Imparare come usare la punteggiatura è fondamentale, per chi scrive e va studiata per bene. Per chi scrive qualsiasi cosa.

La punteggiatura dà il ritmo alla lettura, ci permette di capire quando prendere respiro e quando dividere logicamente le frasi.

Vediamo insieme come scrivere bene usando la punteggiatura, allora.

Per altri approfondimenti, qui trovi i più comuni errori grammaticali da evitare a tutti i costi.

 

La punteggiatura italiana

Ogni lingua ha le sue punteggiature. La lingua spagnola ha il famoso punto interrogativo al contrario, che la contraddistingue, ad esempio.

La lingua italiana non ha simboli “strani”, o unici. Tuttavia, è una lingua tanto articolata, delicata e musicale, che la punteggiatura ricopre un ruolo di fondamentale importanza, per permettere una lettura scorrevole e corretta.

Non possiamo mettere virgole a caso, o eliminarle del tutto. E il punto? Non possiamo certo farne un uso arbitrario. Per non parlare, poi del punto esclamativo, che nel web viene spesso abusato e scambiato per un urlo.

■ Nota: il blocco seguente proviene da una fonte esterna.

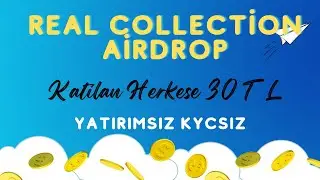 RealCollection Airdrop - Katılan Herkese 30 TL - Yatırımsız,KYCsiz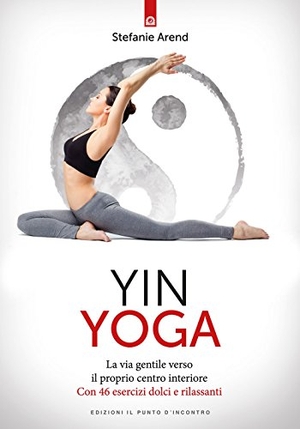 Arend, Stefanie. Yin yoga. La via gentile verso il proprio centro interiore. Con 46 esercizi dolci e rilassanti. , 2017.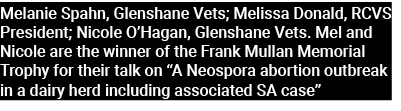 Melanie Spahn, Glenshane Vets; Melissa Donald, RCVS President; Nicole O’Hagan, Glenshane Vets. Mel and Nicole are the...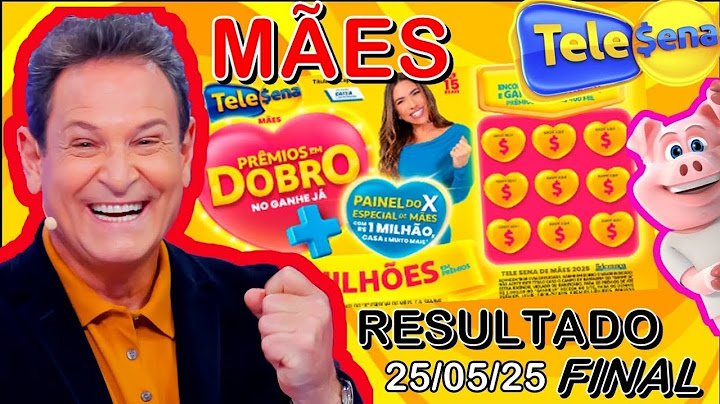 RESULTADO FINAL TELE SENA DE MÃES 🍀 25/05/25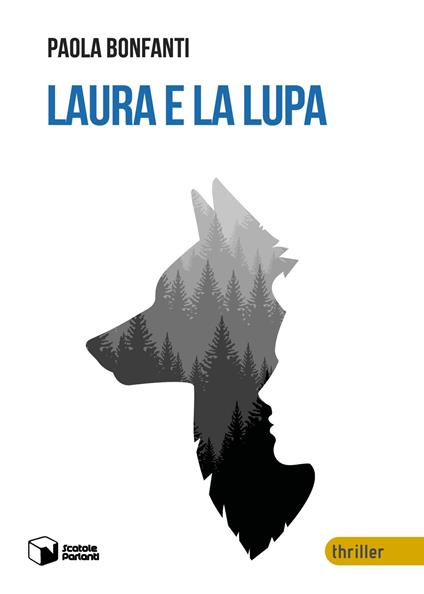 Laura e la lupa - Paola Bonfanti - copertina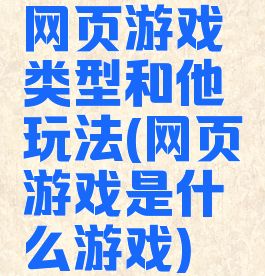 网页游戏类型和他玩法(网页游戏是什么游戏)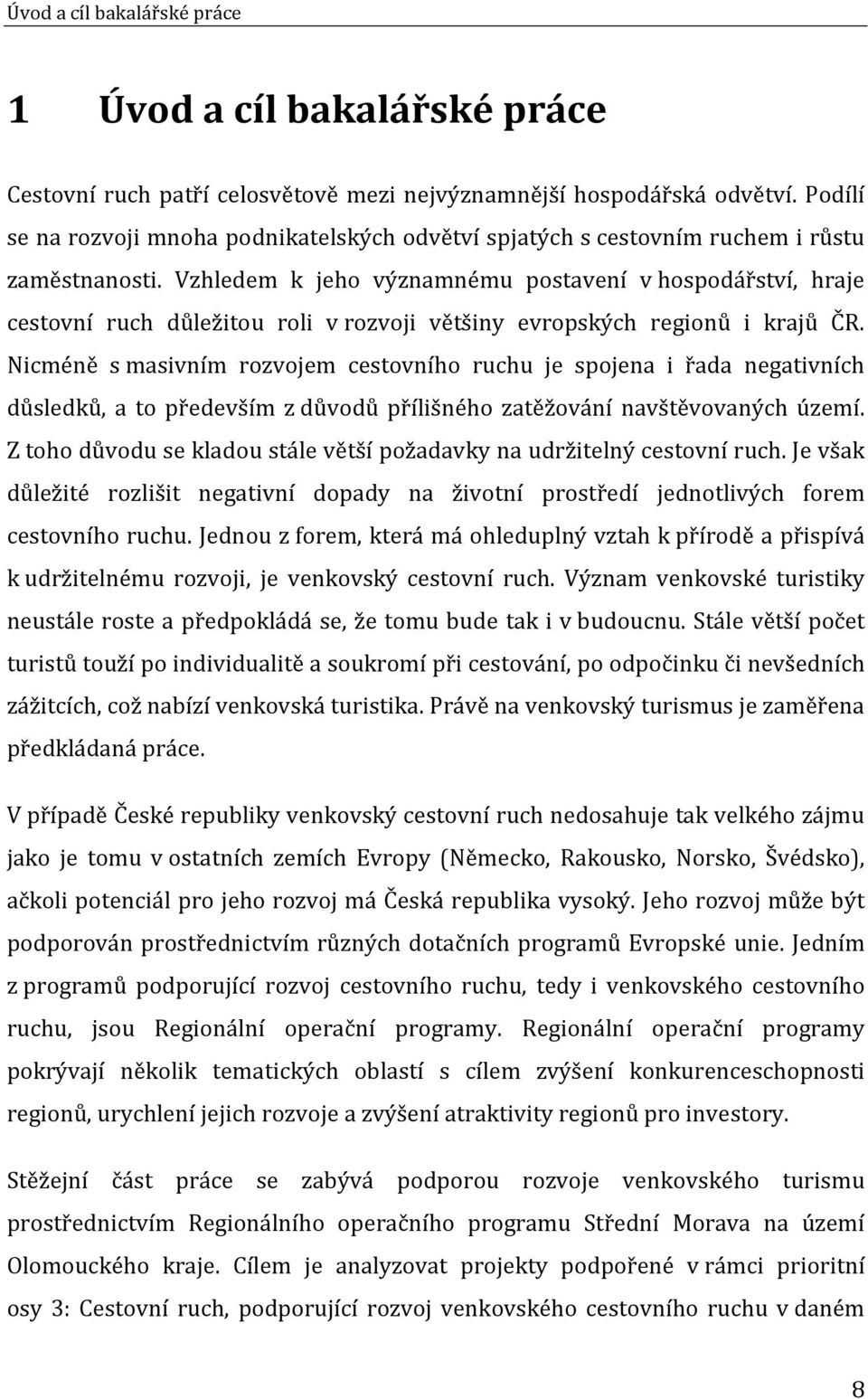 Vzhledem k jeho významnému postavení v hospodářství, hraje cestovní ruch důležitou roli v rozvoji většiny evropských regionů i krajů ČR.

Ecco, questo è molto importante: il contesto. A seconda di dove si sta scrivendo quel determinato testo, la punteggiatura può prendere un significato oppure un altro.

Tutto questo va tenuto in considerazione, quando si scrivere.

 

Segni di punteggiatura: il punto

Il punto è una specie di “re” della punteggiatura. Indica la fine di una frase e ci indica una pausa lunga, sia nella lettura che da un punto di vista concettuale. Dopo il punto si comincia sempre con una lettera maiuscola.

Se poi lo stacco tra la frase appena chiusa e la successiva è molto forte, allora dopo il punto si va a capo. Nel web il punto e a capo si utilizza anche per aumentare l’indice di leggibilità del testo, aumentando la spaziatura tra una frase e un’altra ed evitando il cosiddetto “muro di parole”.

Una strategia che si utilizza anche nel giornalismo e nei libri, ovviamente, ma sul web è ancor più marcata.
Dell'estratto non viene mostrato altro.